The performance of air on a large scale is quite different from that on a small scale, which is why an aircraft can pass through the air with large fixed wings, while flies must buzz through the whirlpool. This has a lot to do with the viscosity of air, and sometimes it has something to do with the random movement of air.
The stock market is another example that is more predictable at long intervals than at short intervals. That's why you can invest in index funds, invest your money for 10 years, and be quite confident that you will make money.
However, confusion on one scale can also spread to another. This is the so-called butterfly effect. Wilson specifically pointed out that it was foolish to try to separate different scales. Instead, we must connect them to each other and deal with the possibility that the phenomena we are interested in studying depend on what happens in all lengths, not just one. Especially when a system approaches a so-called "tipping point", such as ice melting or magnetization, all scales come together to produce this phenomenon, causing cascades and fluctuating up and down in their way, so that something magical will happen and the system will be changed.
Similarly, in the financial sector, small changes can affect large trends and vice versa, reaching a tipping point of market collapse or prosperity. You can never be sure that what happens every second will not break out and will not affect what happens every month.
None of this assumes that randomness exists or does not exist. Instead, it simply assumes that mixing (random or non-random) occurs at many different scales and at different speeds. Randomness is of course convenient for mathematicians and physicists, but it is not necessary.
One of the benefits of assuming that the system is random is that it can eliminate all external factors that you don't understand. But as the basic model of the world, randomness is untenable. Stochastic models always rely on some mysterious entropy source. They do not allow the system to be completely closed and deterministic.

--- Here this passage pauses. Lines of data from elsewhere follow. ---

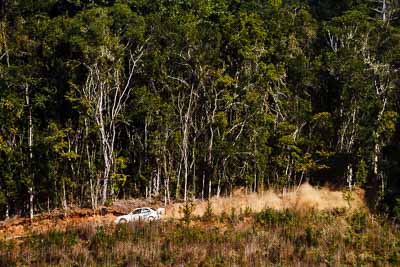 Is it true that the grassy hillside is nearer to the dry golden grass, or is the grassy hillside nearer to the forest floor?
the forest floor

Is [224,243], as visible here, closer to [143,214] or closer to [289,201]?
[143,214]

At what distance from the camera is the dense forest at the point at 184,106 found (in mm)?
30250

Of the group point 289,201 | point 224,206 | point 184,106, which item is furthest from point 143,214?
point 289,201

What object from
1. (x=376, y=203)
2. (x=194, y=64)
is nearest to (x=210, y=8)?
(x=194, y=64)

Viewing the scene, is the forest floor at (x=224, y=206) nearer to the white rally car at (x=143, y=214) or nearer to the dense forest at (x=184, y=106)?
the white rally car at (x=143, y=214)

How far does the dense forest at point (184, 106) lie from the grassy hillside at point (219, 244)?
8.37 meters

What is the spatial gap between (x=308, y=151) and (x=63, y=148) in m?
12.4

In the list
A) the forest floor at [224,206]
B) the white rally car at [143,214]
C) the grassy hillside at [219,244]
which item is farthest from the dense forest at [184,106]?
the grassy hillside at [219,244]

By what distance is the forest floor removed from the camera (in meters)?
28.7

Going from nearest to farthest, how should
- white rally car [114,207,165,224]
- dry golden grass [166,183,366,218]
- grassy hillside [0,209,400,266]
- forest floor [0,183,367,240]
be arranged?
grassy hillside [0,209,400,266] < white rally car [114,207,165,224] < forest floor [0,183,367,240] < dry golden grass [166,183,366,218]

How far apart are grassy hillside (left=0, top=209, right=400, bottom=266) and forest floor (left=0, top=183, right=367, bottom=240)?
18.2ft

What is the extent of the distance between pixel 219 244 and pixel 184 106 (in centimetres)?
1308

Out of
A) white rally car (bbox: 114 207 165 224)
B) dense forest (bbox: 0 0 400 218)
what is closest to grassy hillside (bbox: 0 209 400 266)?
white rally car (bbox: 114 207 165 224)

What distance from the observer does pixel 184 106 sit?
32375 mm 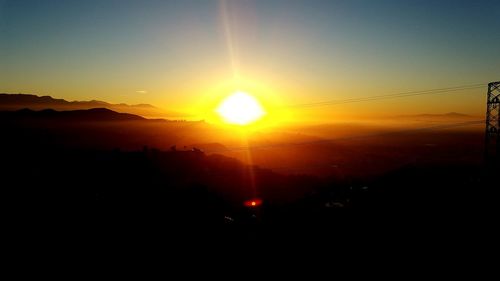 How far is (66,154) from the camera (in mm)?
75688

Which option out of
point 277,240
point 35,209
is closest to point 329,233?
point 277,240

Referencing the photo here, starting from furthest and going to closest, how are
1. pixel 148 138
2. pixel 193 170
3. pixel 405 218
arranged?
pixel 148 138 < pixel 193 170 < pixel 405 218

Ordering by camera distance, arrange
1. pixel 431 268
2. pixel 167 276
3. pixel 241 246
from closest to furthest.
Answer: pixel 431 268 → pixel 167 276 → pixel 241 246

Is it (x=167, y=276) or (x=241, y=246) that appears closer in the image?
(x=167, y=276)

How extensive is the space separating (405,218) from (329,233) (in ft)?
21.2

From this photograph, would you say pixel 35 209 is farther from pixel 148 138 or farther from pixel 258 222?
pixel 148 138

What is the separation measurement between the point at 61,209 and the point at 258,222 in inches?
859

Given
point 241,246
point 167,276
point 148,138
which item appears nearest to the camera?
point 167,276

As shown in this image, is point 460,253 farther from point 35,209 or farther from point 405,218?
point 35,209

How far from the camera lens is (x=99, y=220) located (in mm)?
30344

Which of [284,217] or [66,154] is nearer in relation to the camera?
[284,217]

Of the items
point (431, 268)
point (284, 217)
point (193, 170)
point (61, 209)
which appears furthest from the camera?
point (193, 170)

Another feature of randomness is that it destroys some good mathematical properties of the system, such as differentiability.
If you have a particle, it fluctuates randomly, and its motion is non-differentiable according to some normal distribution. The reason is that in a very small period of time, the average distance it moves is proportional to the square root of time. Derivatives depend on infinitesimal time and distance to be proportional, so the small amounts in them are offset in proportion. But randomness is not the case. Unless randomness magically disappears within a certain range of length, it will fall into non-differentiable motion.
That's why quantum mechanics has non-commutative operators, which give different answers according to the order in which you apply them. This is the source of the Heisenberg uncertainty principle.
If we say that systems are never random, isn't it easier for them to be mixed only because of internal nonlinear self-interactions or unexplained interactions with external forces?
Maybe yes or maybe no. We have the whole distribution theory to deal with randomness. We use operator calculus to deal with randomness. We don't need to replace it with complex, multi-scale nonlinear hybrid operations to get things like differentiability.
But what if we really want to know what's going on inside? We can pay more attention to randomness, or we can question it and try to understand its limitations.
I was thinking about using Lindblad equations to deal with quantum mechanics, which incorporate randomness into quantum mechanics to explain why quantum measurements seem random. Since quantum predictions can work without them, why introduce them unless you want to say that God does play dice?
What if God is a baker?
This article comes from the official account of Wechat: Lao Hu Shuo Science (ID:LaohuSci). Author: I am Lao Hu.